Let’s take that slope and extrapolate outwards by multiplying it by 5 for get our predicted 5 year change.

\[ 1-0.98403=0.01597 \\ 0.01597 \times 5 = 0.07985 \\ 1 - 0.87369 = 0.12631 \\ 0.12631 > 0.07985 \] The 5 year difference is larger even after we incorporate the standard error.

\[ 0.12631 - 0.0141 = 0.11221 \\ 0.07985 + 0.01148 = 0.09133 \]
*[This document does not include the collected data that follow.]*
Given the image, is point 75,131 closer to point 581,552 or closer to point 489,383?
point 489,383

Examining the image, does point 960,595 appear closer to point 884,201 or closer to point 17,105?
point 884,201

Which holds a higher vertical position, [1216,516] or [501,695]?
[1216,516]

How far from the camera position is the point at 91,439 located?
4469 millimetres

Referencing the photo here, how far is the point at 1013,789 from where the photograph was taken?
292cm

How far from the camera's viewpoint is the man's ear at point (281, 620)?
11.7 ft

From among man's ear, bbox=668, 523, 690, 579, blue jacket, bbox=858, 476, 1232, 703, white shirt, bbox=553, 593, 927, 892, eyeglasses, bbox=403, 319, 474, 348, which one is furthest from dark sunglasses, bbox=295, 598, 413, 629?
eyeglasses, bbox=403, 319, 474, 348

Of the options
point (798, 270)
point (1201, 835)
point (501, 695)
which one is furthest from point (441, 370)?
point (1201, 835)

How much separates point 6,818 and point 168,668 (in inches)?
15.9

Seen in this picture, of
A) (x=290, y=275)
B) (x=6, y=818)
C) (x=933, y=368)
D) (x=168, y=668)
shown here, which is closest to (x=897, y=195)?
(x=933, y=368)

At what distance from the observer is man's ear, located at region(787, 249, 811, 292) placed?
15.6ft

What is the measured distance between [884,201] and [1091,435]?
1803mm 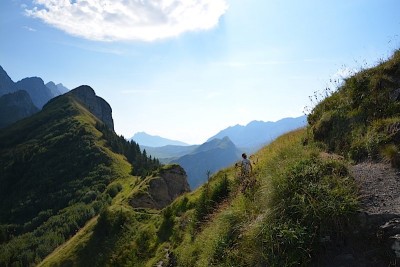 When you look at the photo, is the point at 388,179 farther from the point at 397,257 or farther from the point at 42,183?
the point at 42,183

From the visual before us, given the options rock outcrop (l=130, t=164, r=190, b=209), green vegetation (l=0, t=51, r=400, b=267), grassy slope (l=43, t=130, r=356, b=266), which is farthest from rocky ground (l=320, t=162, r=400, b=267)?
rock outcrop (l=130, t=164, r=190, b=209)

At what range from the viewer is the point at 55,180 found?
144000mm

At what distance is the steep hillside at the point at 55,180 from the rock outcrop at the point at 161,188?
33.0 m

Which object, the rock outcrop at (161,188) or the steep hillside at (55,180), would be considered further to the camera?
the steep hillside at (55,180)

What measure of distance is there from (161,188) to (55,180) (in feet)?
336

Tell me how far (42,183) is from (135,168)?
4418 cm

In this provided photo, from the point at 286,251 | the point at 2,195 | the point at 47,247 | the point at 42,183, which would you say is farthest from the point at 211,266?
the point at 2,195

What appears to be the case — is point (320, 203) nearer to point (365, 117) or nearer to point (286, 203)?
point (286, 203)

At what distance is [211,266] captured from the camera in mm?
10500

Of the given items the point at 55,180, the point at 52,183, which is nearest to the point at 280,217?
the point at 52,183

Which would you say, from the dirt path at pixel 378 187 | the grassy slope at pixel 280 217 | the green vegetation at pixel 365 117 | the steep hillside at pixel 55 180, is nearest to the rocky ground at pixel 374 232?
the dirt path at pixel 378 187

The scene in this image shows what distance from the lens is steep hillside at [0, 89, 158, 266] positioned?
98000 millimetres

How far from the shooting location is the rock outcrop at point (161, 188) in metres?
50.8

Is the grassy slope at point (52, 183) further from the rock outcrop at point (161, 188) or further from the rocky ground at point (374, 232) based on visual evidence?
the rocky ground at point (374, 232) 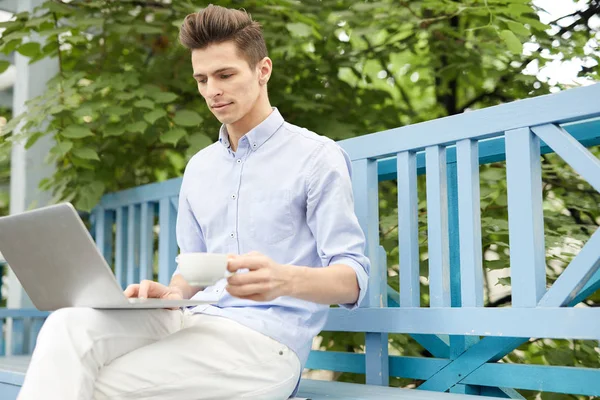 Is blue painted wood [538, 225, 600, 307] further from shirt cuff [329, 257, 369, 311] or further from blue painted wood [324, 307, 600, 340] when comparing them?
shirt cuff [329, 257, 369, 311]

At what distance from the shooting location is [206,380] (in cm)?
158

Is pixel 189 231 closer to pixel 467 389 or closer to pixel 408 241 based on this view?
pixel 408 241

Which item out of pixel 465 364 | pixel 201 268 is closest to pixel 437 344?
pixel 465 364

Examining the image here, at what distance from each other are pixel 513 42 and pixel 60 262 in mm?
1655

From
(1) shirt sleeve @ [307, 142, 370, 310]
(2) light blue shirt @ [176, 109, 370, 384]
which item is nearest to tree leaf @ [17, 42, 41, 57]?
(2) light blue shirt @ [176, 109, 370, 384]

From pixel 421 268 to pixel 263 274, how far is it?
1.06 meters

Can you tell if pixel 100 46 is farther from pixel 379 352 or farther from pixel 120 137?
pixel 379 352

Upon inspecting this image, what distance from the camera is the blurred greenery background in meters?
2.77


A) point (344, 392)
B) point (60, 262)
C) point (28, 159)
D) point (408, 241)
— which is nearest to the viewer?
point (60, 262)

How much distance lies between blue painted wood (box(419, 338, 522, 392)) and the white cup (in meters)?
0.87

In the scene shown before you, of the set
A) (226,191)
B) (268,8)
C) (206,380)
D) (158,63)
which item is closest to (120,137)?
(158,63)

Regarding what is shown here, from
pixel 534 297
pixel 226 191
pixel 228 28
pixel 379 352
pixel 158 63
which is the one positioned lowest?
pixel 379 352

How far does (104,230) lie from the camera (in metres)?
3.37

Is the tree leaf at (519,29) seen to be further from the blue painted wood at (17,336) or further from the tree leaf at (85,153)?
the blue painted wood at (17,336)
This is to suggest that the drop in telephone lines predicted by the one year model is actually an under estimate, and the access to telephone lines is actually decreasing over time. And I’ll be honest, I did not expect to see that in the data. keep in mind, this data agnostic as to whether the access comes from home lines or cell phones. Which, presumably, would make this over estimate, because you only need one cell phone in a household in order for it be counted. and if you take a household of 3 people or whatever which loses a land line to gain a cell phone, then the number of people with access to a phone line goes down, and the data still counts that household as having a phone line. It goes against the conventional wisdom that access to technology is growing. If we assume that the predictions made by this analysis are true (because, keep in mind, there still could be some shenanigans with how the data is collected) then I can think of a couple of explanations as to why this is happening:

  1. This could be a result o higher internet access and the advent of chat apps to replace phone usage. I, myself have found that I’m using my cell phone less and less as a phone, and more and more as a conduit to access the internet, and if I want to text someone, I can use Whatsapp or Snapchat or Instagram or any number of applications designed for chatting with friends. and it’s reasonable to think that people would opt out of having access to a phone line if they get all those things from the internet. You could try to confirm or deny this by looking at things such as internet access, internet speeds, the number of people with a stand alone data plan on their phone, as well as cell phone ownership. Perhaps in a future post I’ll explore those avenues of data analysis, but for now we’ll leave the question open.
  2. In the event that this is not explained by replacements to phone lines, then people are simply losing their access to technology and are becoming less connected. The implications, in my view, are an increase in worldwide corruption and inequality. If you take a look at the Corruption Perception Index, you’ll see a clear correlation between countries that are corrupt, and the well-being of the average citizen. If the median person is losing their phone access without anything to replace it, then the median person is, in all likelihood, becoming poorer. Which doesn’t lend well to our general understanding of the patterns of society over the last 20 years or so.

Other than that, the analysis technique seems to be incomplete. There are ways we could expand on the regression done here by incorporating all the years into one model. Perhaps by incorporating factor analysis on which year it is, future years as predictors, as well as other information we have about the countires in the data set, and putting it all into one model. In that case you do run into concerns about over fitting, and (as today) over extrapolating from granular trends. Even for the analysis we did today, there are various assumptions one must confirm. which I skipped in a vein attempt at brevity. And all of that seems like the topic of a future blog post if I get to it.